Telephone services are available for a pittance too (though Indian service providers still do not offer free calls at nights and on week-ends, as they do elsewhere), and the prices of commodities like steel and cement are now benchmarked to global prices.

However, if you look at the end-of-season discount options available in mainline stores overseas, Indian consumers simply do not get the price bargains that are routine in other markets for basic items like clothing, as well as on electronic products that might be getting replaced by later models.

In short, the Indian consumer's money does not go nearly as far as that of consumers in other countries.

Let's go beyond price. Most Indian stores still sell on the basis of "no return, no exchange". And Indian consumers accept this condition as normal, without demur.

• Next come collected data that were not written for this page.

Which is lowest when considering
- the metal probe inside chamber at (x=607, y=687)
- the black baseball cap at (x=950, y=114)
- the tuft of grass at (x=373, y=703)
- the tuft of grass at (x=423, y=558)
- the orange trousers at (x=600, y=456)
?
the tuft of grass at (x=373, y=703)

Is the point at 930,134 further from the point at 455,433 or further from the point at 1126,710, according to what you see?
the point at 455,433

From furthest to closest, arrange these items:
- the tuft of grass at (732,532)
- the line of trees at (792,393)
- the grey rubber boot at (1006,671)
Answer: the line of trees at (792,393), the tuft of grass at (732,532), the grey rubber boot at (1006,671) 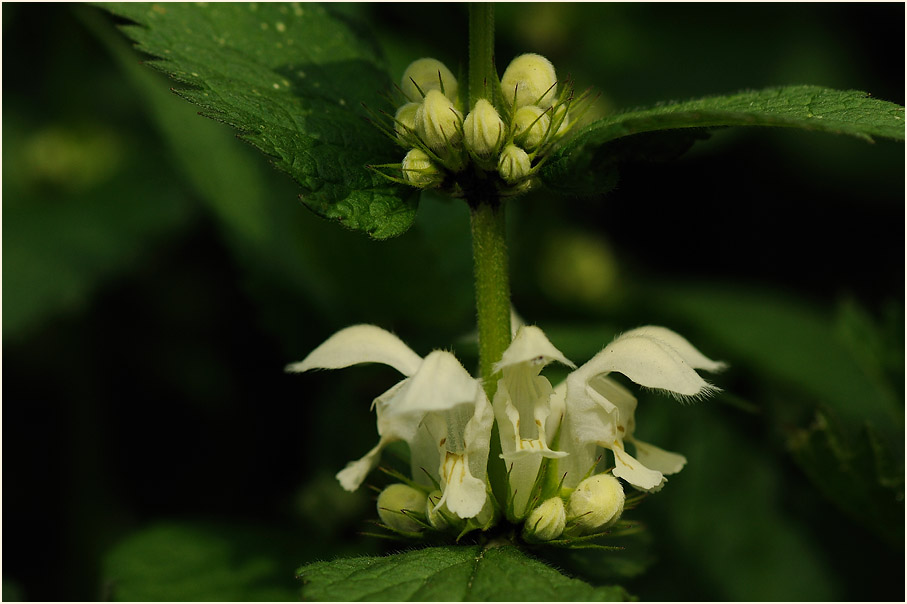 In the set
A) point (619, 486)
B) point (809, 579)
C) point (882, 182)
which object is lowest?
point (809, 579)

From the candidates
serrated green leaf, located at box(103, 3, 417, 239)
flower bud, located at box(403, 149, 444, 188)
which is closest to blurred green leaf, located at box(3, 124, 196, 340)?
serrated green leaf, located at box(103, 3, 417, 239)


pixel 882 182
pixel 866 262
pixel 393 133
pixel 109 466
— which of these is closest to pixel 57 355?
pixel 109 466

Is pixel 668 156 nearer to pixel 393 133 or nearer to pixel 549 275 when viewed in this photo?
pixel 393 133

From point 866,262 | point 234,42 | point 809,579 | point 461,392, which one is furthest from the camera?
point 866,262

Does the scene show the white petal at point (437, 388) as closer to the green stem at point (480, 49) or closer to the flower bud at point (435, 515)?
the flower bud at point (435, 515)

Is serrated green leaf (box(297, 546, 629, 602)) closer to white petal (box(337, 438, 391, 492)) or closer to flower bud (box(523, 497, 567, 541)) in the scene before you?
flower bud (box(523, 497, 567, 541))

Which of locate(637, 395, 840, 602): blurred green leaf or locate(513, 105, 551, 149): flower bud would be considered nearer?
locate(513, 105, 551, 149): flower bud

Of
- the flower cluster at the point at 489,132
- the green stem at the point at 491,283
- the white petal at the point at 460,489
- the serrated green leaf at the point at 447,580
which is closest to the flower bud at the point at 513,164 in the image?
the flower cluster at the point at 489,132

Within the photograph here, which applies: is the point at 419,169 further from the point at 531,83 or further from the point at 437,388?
the point at 437,388

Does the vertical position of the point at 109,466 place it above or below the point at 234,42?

But in markets like the American one, you can return absolutely anything that you have bought within 14 days, at no cost to you as a consumer.

No questions are asked, no explanations have to be given--even when the item in question might be something as perishable as a rack of lamp.

However, Indian marketers have started doing better on trading in old models for a price-off on a new model; whether it is TV sets or refrigerators, you now get pretty attractive trade-in offers. So the picture is not all bad, but it is certainly very uneven.

There is more than one reason for this patchy development of Indian consumer markets. At one level, import and tariff policies are not all that they are cracked up to be.

At another, Indian companies are simply not chasing consumers with the zeal and inventiveness and even near-desperation that you see in the most competitive markets.

At a third, many Indian companies still want to sell primarily on the basis of premium image, and there aren't enough price warriors around. Also, the frenetic pace of product development activity that spurs the discount sales is not really evident in the country.

Finally, India's retailing business is simply not in the same league as that in most markets. In short, there is some way to go before we can truly say that the Indian consumer has at long last got his or her place in the sun.